→ Exercise aim
Find the line with "Patagonia - Down Sweater Vest - Lyst" in the entries below. Repeat it, every following line, and the line with "Street Loose 100% Cotton T Shirt Unisex-4", exactly and with nothing added.

→ Extracted records
____

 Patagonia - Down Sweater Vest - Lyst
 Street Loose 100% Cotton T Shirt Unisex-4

____

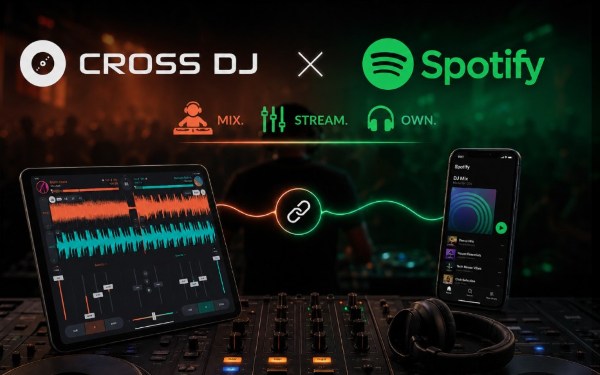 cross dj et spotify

____

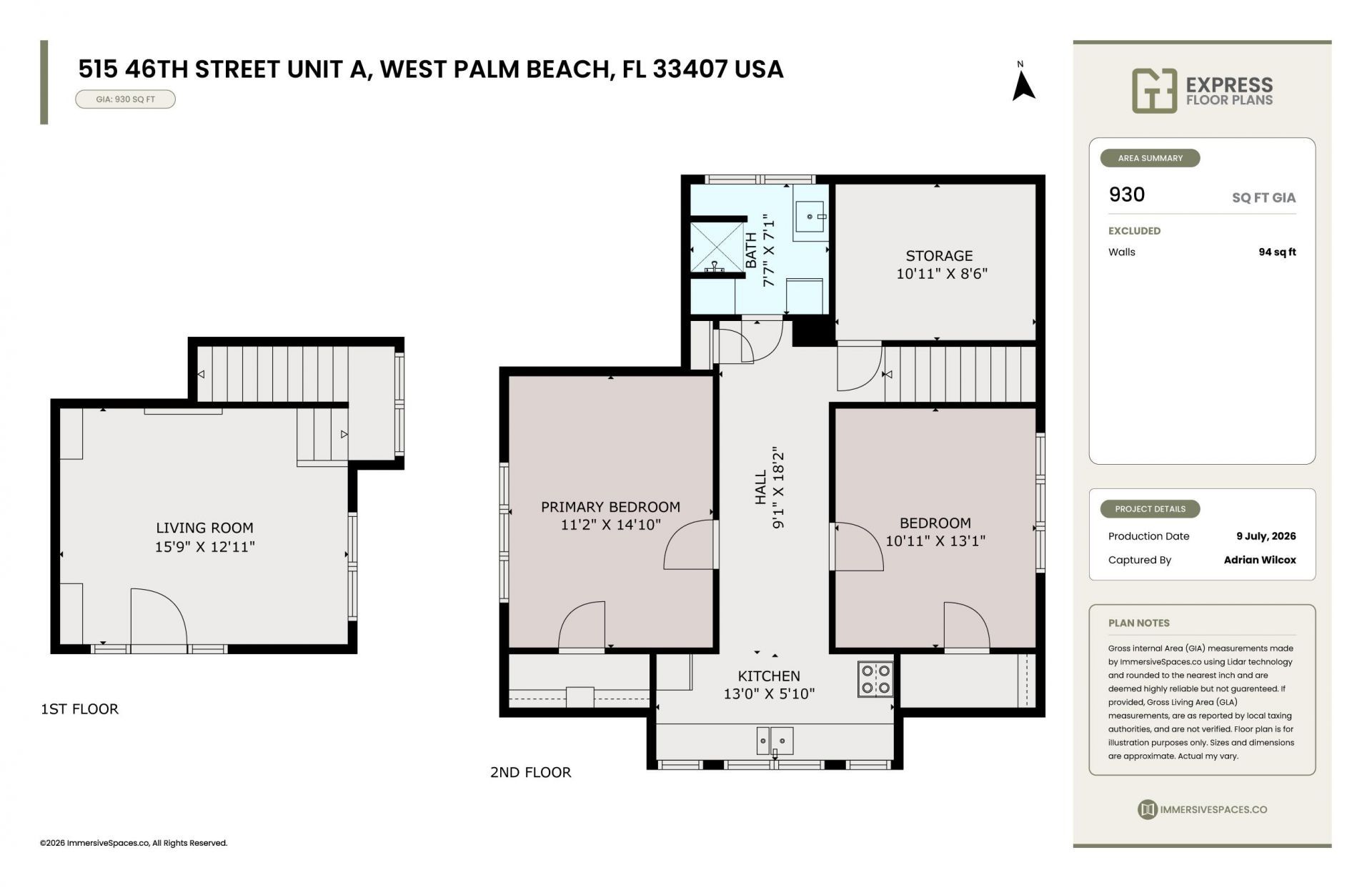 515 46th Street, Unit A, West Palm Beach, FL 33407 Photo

____

→ Response for this exercise
 Patagonia - Down Sweater Vest - Lyst
 Street Loose 100% Cotton T Shirt Unisex-4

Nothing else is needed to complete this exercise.